Introducing neural networks to predict stock prices

Overview

IntroNeuralNetworks in Python: A Template Project

forthebadge made-with-python

GitHub license PRs Welcome

IntroNeuralNetworks is a project that introduces neural networks and illustrates an example of how one can use neural networks to predict stock prices. It is built with the goal of allowing beginners to understand the fundamentals of how neural network models are built and go through the entire workflow of machine learning. This model is in no way sophisticated, so do improve upon this base project in any way.

The core steps involved is: download stock price data from Yahoo Finance, preprocess the dataframes according to specifications for neural network libraries and finally train the neural network model and backtest over historical data.
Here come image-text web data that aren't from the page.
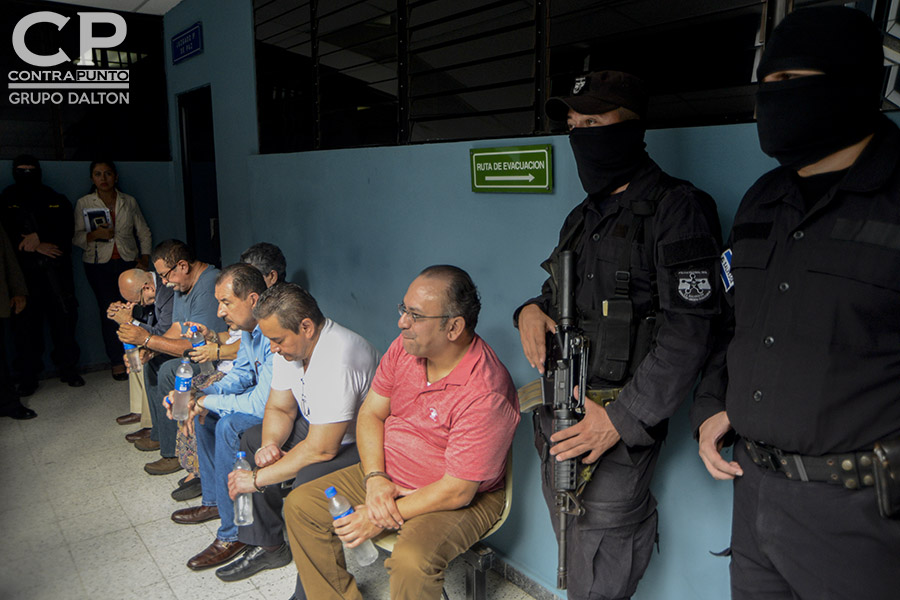 Un total de 31 personas ha acusado la FiscalÃa General de la República que junto con el expresidente de Mauricio Funes de diseñar una red de extracción de fondos públicos, desviando $351 millones de dólares.
Seis de los imputados fueron presentados en el juzgado Quinto de Paz de San Salvador.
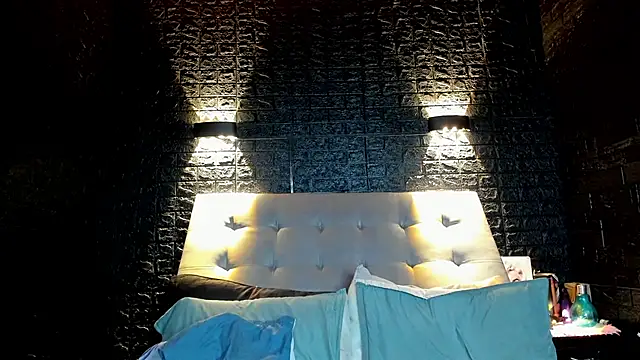 Snapshot of Sweet-Monica chatting on March 16, 2025, 10:22 am Sweet-Monica online show from March 16, 2025, 10:22 am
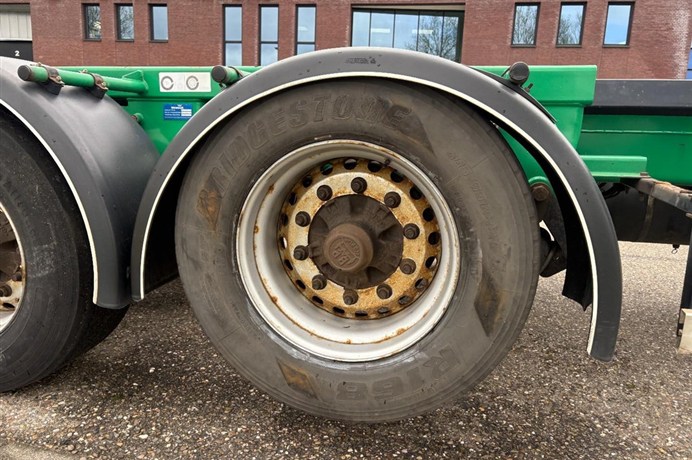 52584990-9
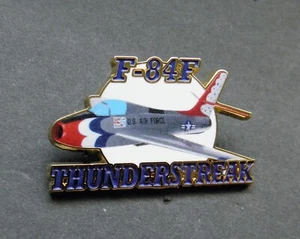 F-84F THUNDERSTREAK STRATEGIC AIR COMMAND LAPEL PIN BADGE 1.5 INCHES - Picture 1 of 1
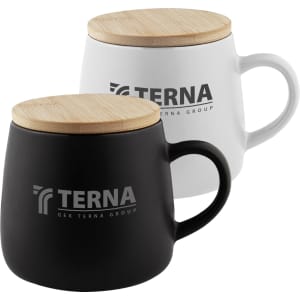 A coffee mug set in black and white with wooden lids, featuring a logo on each mug.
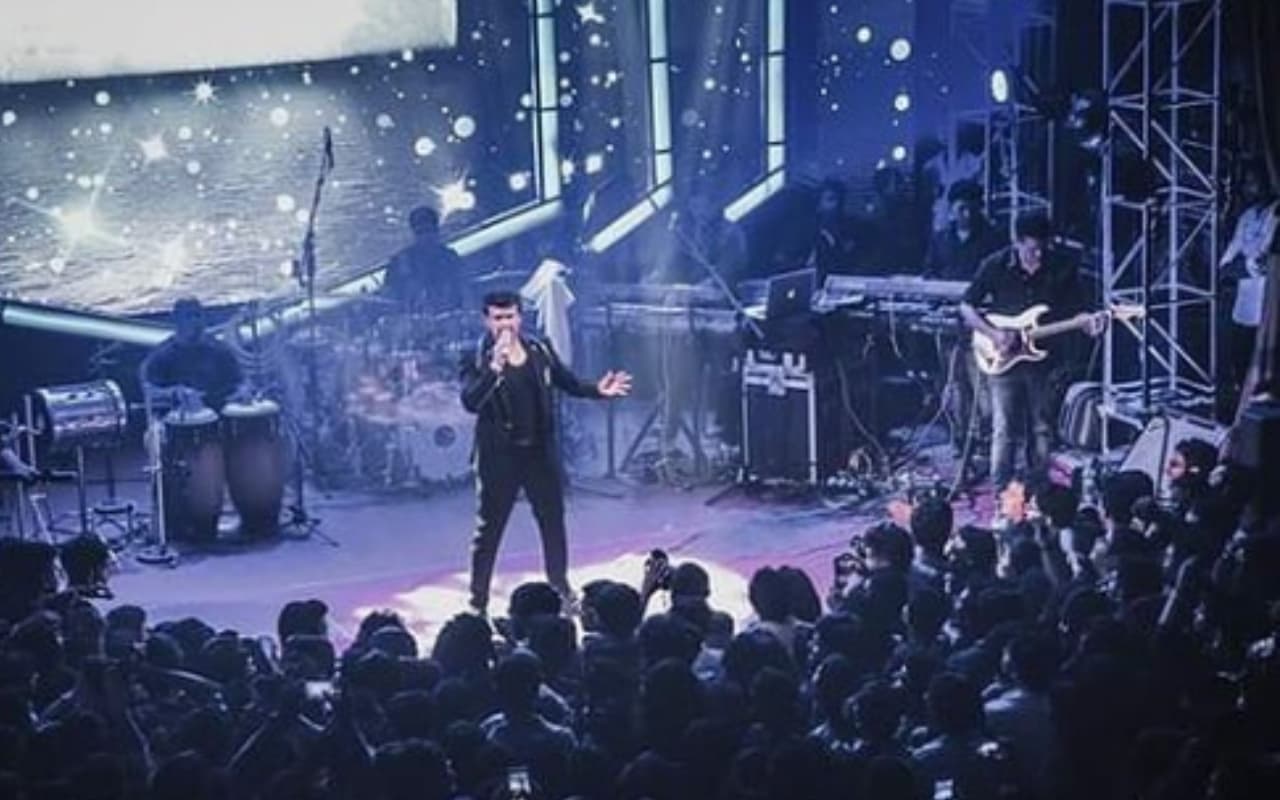 Sonu Nigam: अजान विवाद से लेकर फ्लाइट में गाना गाने तक, इन 4 कंट्रोवर्सी ने बढ़ाई थी सोनू निगम की मुश्किलें Sonu Nigam: अजान विवाद से लेकर फ्लाइट में गाना गाने तक, इन 4 कंट्रोवर्सी ने बढ़ाई थी सोनू निगम की मुश्किलें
This model is not meant to be used to live trade stocks with. However, with further extensions, this model can definitely be used to support your trading strategies.

I hope you find this project useful in your journey as a trader or a machine learning engineer. Personally, this is my first major machine learning and python project, so I'll appreciate if you leave a star.

As a disclaimer, this is a purely educational project. Any backtested results do not guarantee performance in live trading. Do live trading at your own risk. This guide and further analysis has been cross-posted in my blog, Engineer Quant

Contents

Overview

The overall workflow for this project is as such:

  1. Acquire the stock price data - this will give us our features for the model.
  2. Preprocess the data - make the train and test datasets.
  3. Use the neural network to learn from the training data.
  4. Backtest the model across a date range.
  5. Make useful stock price predictions
  6. Supplement your trading strategies with the predictions

Although this is very general, it is essentially what you need to build your own machine learning or neural network model.

Getting Started

For those of you that do not want to learn about the construction of the model (although I highly suggest you to), clone and download the project, unzip it to your preferred folder and run the following code in your computer.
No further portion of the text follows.